Nesse contexto, movimentos legislativos como o recente GENIUS Act – que, na prática, busca garantir que  moedas digitais (as stablecoins) sejam lastreadas em títulos do Tesouro americano, os treasuries – são uma tentativa de criar uma demanda estrutural por esses papéis. A meta é amarrar o futuro das finanças digitais ao dólar, garantindo que, mesmo em um novo paradigma tecnológico, os Estados Unidos permaneçam no centro do sistema.

É neste quadro que a ofensiva de Trump contra o Brasil e o mundo deve ser interpretada. As tarifas e o ataque ao Pix não são meros atos protecionistas; são reações ao avanço de um mundo multipolar. O Pix, que atingiu a marca de R$ 2,5 trilhões mensais no primeiro semestre de 2025 e experimenta  adoção crescente pela população brasileira, é um exemplo notável de um sistema de pagamento instantâneo, eficiente e barato que opera fora do ecossistema do dólar. Ele representa o embrião de sistemas independentes, como o Brics Pay, que ameaçam o monopólio lento e caro do sistema Swift.

Curiosamente, ao impor sanções e dificultar o uso do dólar, os Estados Unidos paradoxalmente aceleram a busca por alternativas. A China, por exemplo, avança com seu yuan digital (e-CNY) em regiões estratégicas como a Asean e o Oriente Médio. A integração desses mercados sob a égide de novos meios de pagamento estabelece, na prática, um robusto ecossistema financeiro com potencial para operar à margem do dólar e atrair novos parceiros ao longo do tempo.

A afronta de Trump, embora prejudicial no curto prazo para alguns setores, expõe a fragilidade estrutural de quem a perpetra. A resposta brasileira, portanto, não pode ser pautada pelo medo ou pela submissão a interesses menores conjunturais. O Brasil é maior e está acima dos segmentos afetados, que devem sim ser apoiados de forma emergencial e contundente, na busca por novos mercados, mas cujas dores localizadas não podem ditar a política externa de uma nação.

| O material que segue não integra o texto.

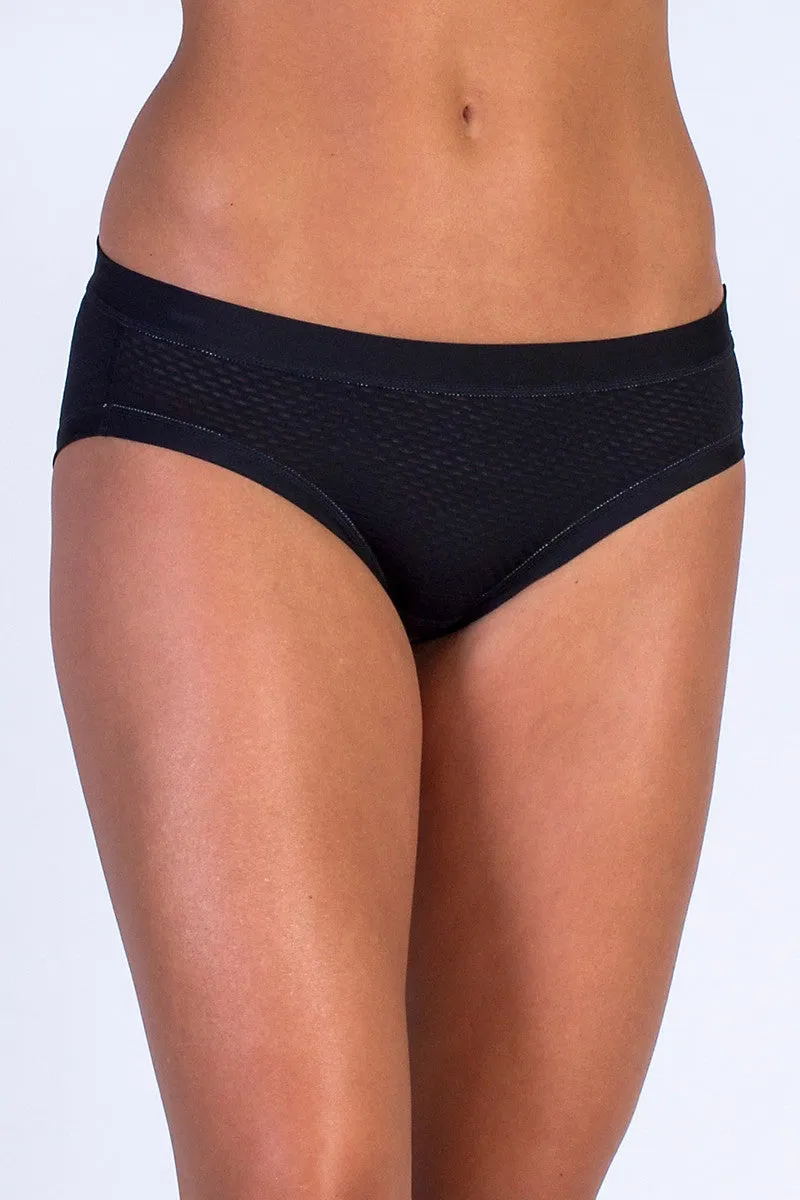 Exofficio | Give-N-Go Sport Mesh Bikini Slip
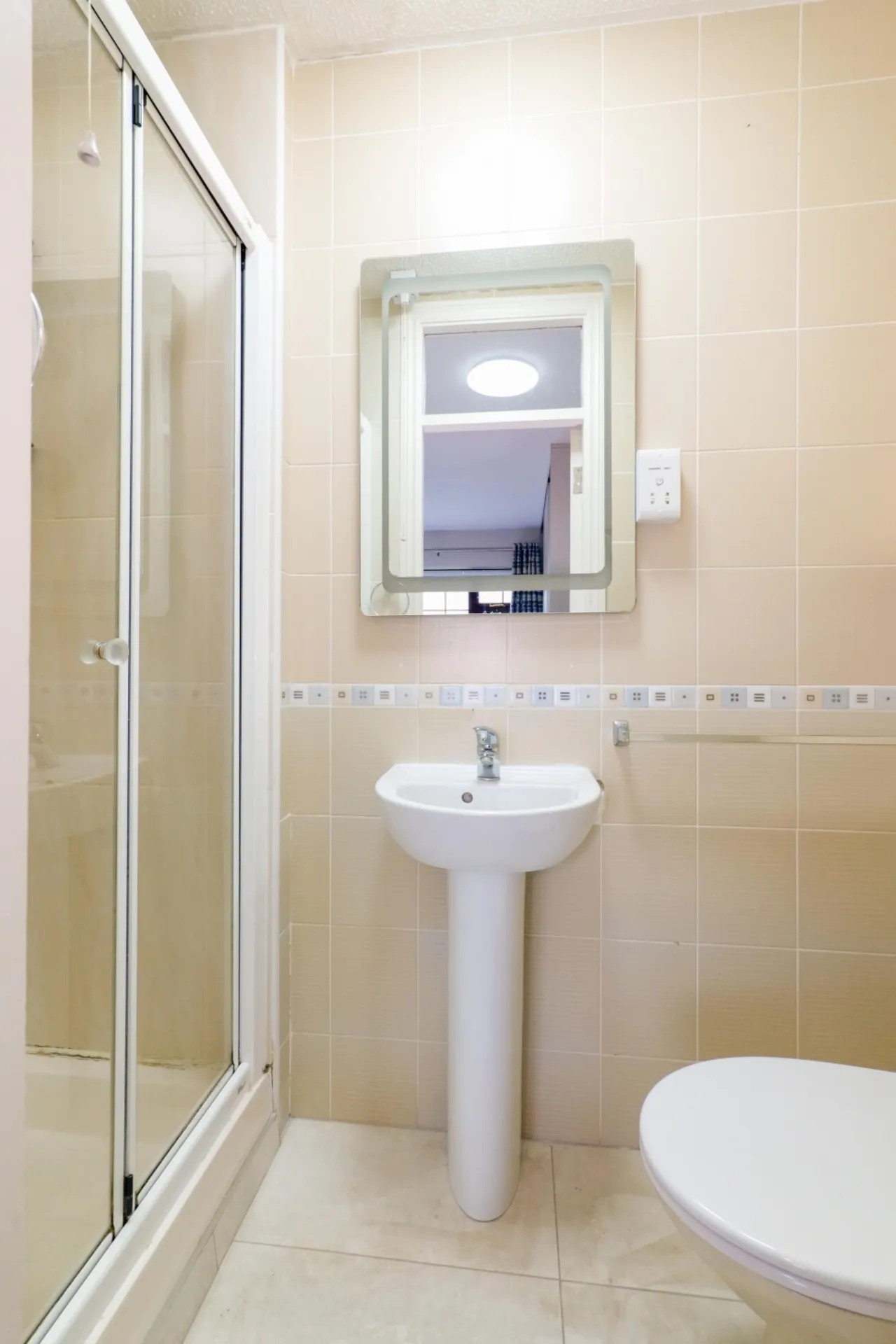 Photo of 7 The Rise, Knocknacarra, Galway, H91 AC8N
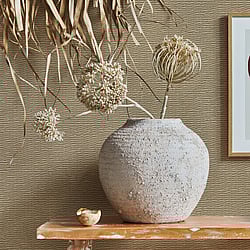 Galerie Wallcoverings Product Code: 33384 - Woods And Wicker Wallpaper Collection Galerie Wallcoverings Product Code 33384 - Woods And Wicker Wallpaper Collection - Beige Colours - Textile optics Design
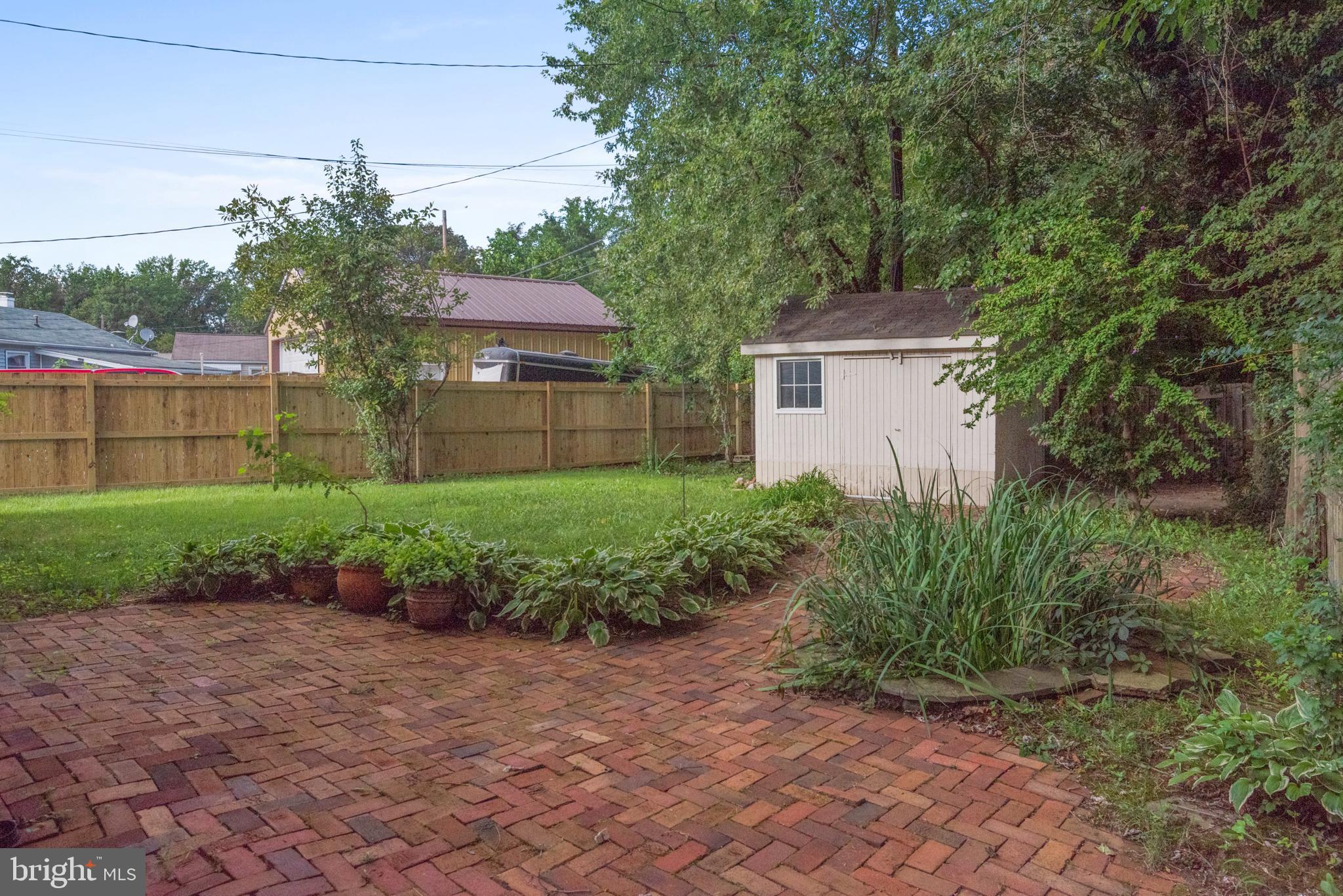 9 Dogwood Road Annapolis, MD 21403 - Photo 37 of 42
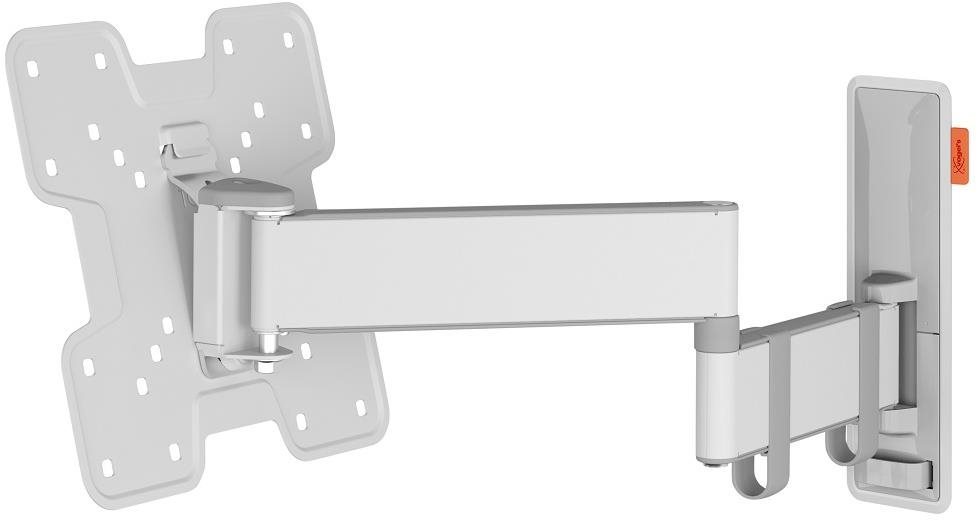 Vogel's TVM 3243W držák na TV pro televizory 19-43 palců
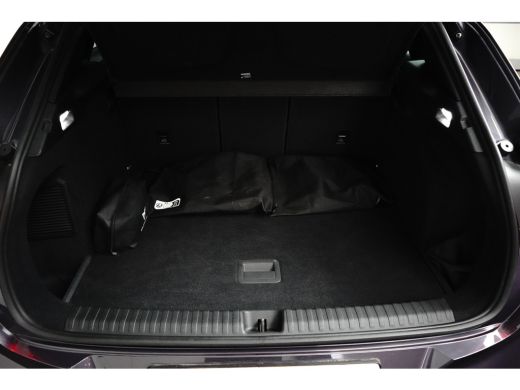 CUPRA Terramar 1.5 e-Hybrid 272PK PHEV DSG-6 | VERLGENDE GARANTIE | TREKHAAK | MEMORY | 360 CAM. | STOELVERW. | ... ActivLease financial lease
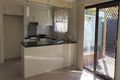Property photo of 1719 Ferntree Gully Road Ferntree Gully VIC 3156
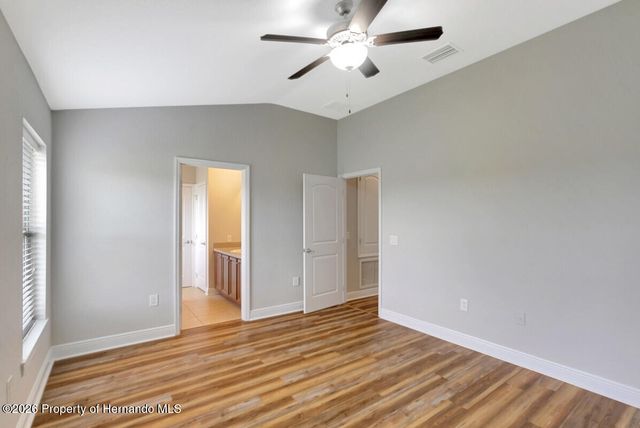 7088 Wirevine Drive, Brooksville, FL 34602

O momento exige uma resposta que seja ao mesmo tempo firme e estratégica, construída sobre três pilares:

  1. Construção de alianças táticas: é imperativo fortalecer laços com os numerosos países que também são alvo das medidas americanas, bem como com setores dentro dos Estados Unidos que se opõem a seu mercantilismo punitivo.
  2. Exploração das vulnerabilidades do agressor: a resposta deve levar em conta a natureza anacrônica da política americana, que prejudica seus próprios consumidores e empresas.
  3. Aceleração de alternativas estruturais: mais do que nunca, o Brasil deve liderar, junto aos parceiros do Brics e de outros blocos, o desenvolvimento e a integração de sistemas de pagamento e comércio independentes. Fortalecer e internacionalizar o Pix e a interoperabilidade com outras redes de pagamento instantâneo é uma ação concreta nessa direção.

Interesses econômicos setoriais imediatistas, embora legítimos, não podem se sobrepor ao interesse nacional de longo prazo. Diante de um ataque frontal à sua soberania, o Brasil deve agir com a lúcida altivez de quem compreende a história e com a inteligência de quem enxerga no ataque do adversário a confissão de sua própria fraqueza.